My two initial attempts at reservations a week beforehand were not successful; the restaurant was booked for both its seatings for the midweek evening that suited the group. There were nine of us, which did not help, a big table at a very popular destination with international renown. I was resigned to just visiting for glass of wine or two sometime during our time there.
I did that with a couple others on our first full day in the area. On lookout for its sign, “Bottega Vini” tucked away on a side street off the marble-laden ritzy retail pedestrian street, Via Mazzini, we finally found it. Thin and festooned in dark wood, and really not much to the ground floor interior but with an feel of comfort bereft of much fanciness much less pretentiousness, we walked in past the glass case of appealing cicchetti, the area’s version of tapas, just inside and gazed up at the chalk boards behind the bar to decide on the first wine of the visit.

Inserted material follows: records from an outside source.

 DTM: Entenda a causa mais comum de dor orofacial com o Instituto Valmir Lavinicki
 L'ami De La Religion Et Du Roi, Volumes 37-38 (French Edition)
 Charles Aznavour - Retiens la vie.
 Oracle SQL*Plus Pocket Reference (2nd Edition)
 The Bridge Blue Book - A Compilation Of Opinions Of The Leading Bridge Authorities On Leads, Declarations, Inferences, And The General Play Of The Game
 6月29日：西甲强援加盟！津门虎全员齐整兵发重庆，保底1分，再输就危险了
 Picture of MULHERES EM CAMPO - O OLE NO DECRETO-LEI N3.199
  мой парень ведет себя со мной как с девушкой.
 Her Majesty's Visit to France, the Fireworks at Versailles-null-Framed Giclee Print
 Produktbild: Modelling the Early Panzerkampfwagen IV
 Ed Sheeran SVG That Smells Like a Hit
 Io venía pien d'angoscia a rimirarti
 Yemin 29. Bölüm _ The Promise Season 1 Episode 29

There were thirty whites, rosés, reds and sparklers plus a bakers’ dozen of Amarones, one from each of the houses that own the restaurant - this is certainly the best spot to sample Amarones. Both an impressive and inviting list of wines by the glass, with neat choices from nearby but also further afield especially from Champagne. The prices were friendly, too, ranging from €5 to €19, though for an Amarone Riserva, most were well under €10 for wines that might be three times as expensive at restaurants and wine bars here.
We started with Bardolino Chiarettos and a Franciacorta Satèn, a rosé from nearby Lake Garda and the lower pressure bottling of that method champagne method wine, and sat down at one of the tables that were empty before the dinner service that begins at 7:00. The couple at the neighboring table were drinking a rich Valpolicella Ripasso, ignoring the temperature that neared ninety with sufficient humidity. It was certainly a good wine. And they turned out to be practiced imbibers, English, saying that they had visited Antica Bottega del Vino on fifteen or so trips to Verona over the past couple of decades, if I heard them correctly. We soon got shooed outside because of the necessary preparations for dinner and found space at one of the few tall tables set out in front. Another round ensued, different, chilled wines to sample. It was a very pleasurable introduction to the place. I could readily understand why we could not get reservations for dinner: there are maybe eighty seats both inside and out on the street just outside its door. Maybe. And it was quite well known to many people who liked wine well beyond Verona.
The restaurant was also a favorite of the owners of the villa, Giorgio and Alessandra, we had rented in the hills of the city. Fortunately for us, they lived in an adjacent property and had mentioned in one of our first conversations with them there our inability to get a table and they had some strings to possibly pull there. They couldn’t promise anything but would try. Alessandra notified the next day that she was able to get a table for all nine of us at nine that night under her name. It’s good to have connections.
The visit was prefaced by aperitivos at one of the crowded cafés a few blocks away on Piazza Erbe as my friend suggested. The aperitivo is welcome part of near-daily life in Verona and much of northern Italy these days, it seems. Then after one bitter starter, we ambled near the storefronts for Gucci, Burberry, Bottega Veneta and Dolce & Gabbana, we made it to the more humble one for the restaurant.
We were seated at the long table not far from the entrance where we initially were the other night when the place was much emptier, greeted with the first side of The Clash's "Combat Rock" in the air seemingly spun from vinyl. The dinner that night was a lot of fun, one of the highlights of the trip. As we sat down and begin to order, the street in front of the restaurant and small area near the front of the counter began to fill up with a festive crowd, seemingly mostly locals, not too young nor too old. Mostly single, at least for the evening, it seemed. Seated nearby, the indoor dining area is not much, it was a fun environment for a wine-soaked meal.
Antipasto, pasta with truffles as the primo or the house specialty Risotto con Amarone for me next – “Fantastico” was Alessandra’s description – then the meats and finally dessert. We did it up in the indulgent tourist fashion. Plenty of wine, too, of course. It was a joy to thumb through one of the oversized wine lists to try to select the wines, at least once with help from one of its sommeliers. The Pra Otto Soave, Speri Valpolicella Classico, and Torre d’Orti Valpoicella Ripasso Superiore were each very well made, delicious, complementary to their parts of the meal, and very reasonably priced for American customers. I did note again that Vitello alla Milanese gets less desirable the further you travel from the Milan area, as mine was drier and less flavorful than it should have been, hence the need for accompaniments of tomatoes and mayonnaise. No matter, a very enjoyable night. After finish the desserts and rest of wine and digestivos, I seem to remember, we split up to find cabs in different parts of the city center in a still bustling Verona past midnight on a weekday.
Antica Bottega del Vino is a terrific stop for wine whether or not a full dinner is in store. A number of cicchetti can be a great partner to the second glass of wine and can make for a meal in itself. The restaurant, the bar, is worth more than just one visit, in fact. I’m looking forward to a future return.